─── Data excerpts ───

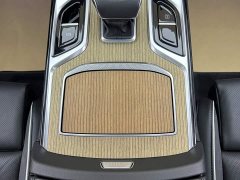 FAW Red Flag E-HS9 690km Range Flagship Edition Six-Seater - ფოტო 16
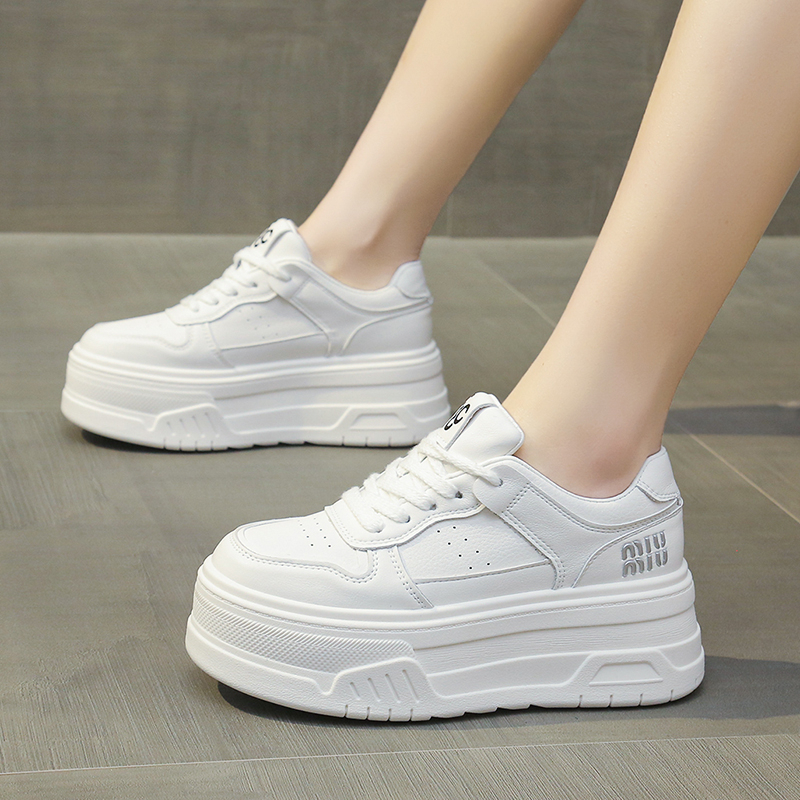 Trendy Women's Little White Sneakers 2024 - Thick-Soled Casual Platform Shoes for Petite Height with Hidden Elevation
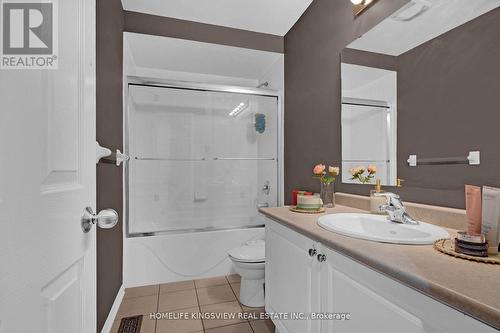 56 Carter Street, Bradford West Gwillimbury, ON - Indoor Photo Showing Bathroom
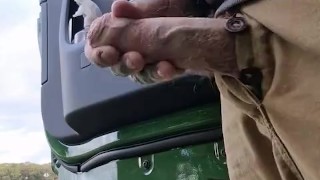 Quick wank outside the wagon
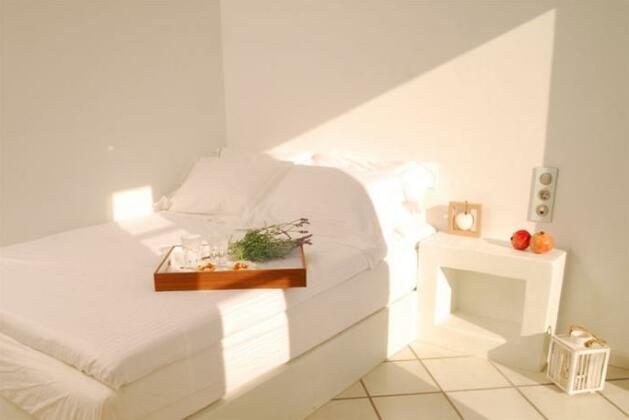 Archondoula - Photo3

───
─── Data excerpts ───

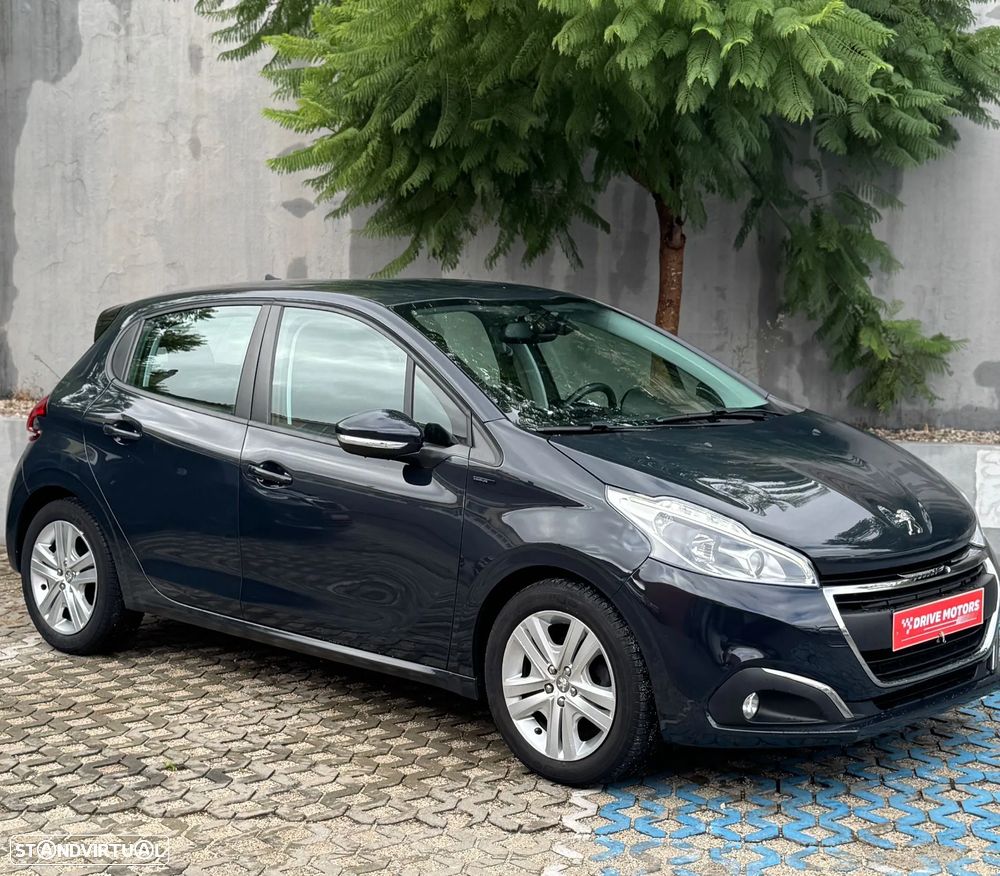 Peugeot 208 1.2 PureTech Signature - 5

───

**Try it**
For this task, return exactly the stretch of the listing above from the line with "56 Carter Street, Bradford" through the line with "Archondoula - Photo3", inclusive and without pictures.

**Task solution**
 56 Carter Street, Bradford West Gwillimbury, ON - Indoor Photo Showing Bathroom
 Quick wank outside the wagon
 Archondoula - Photo3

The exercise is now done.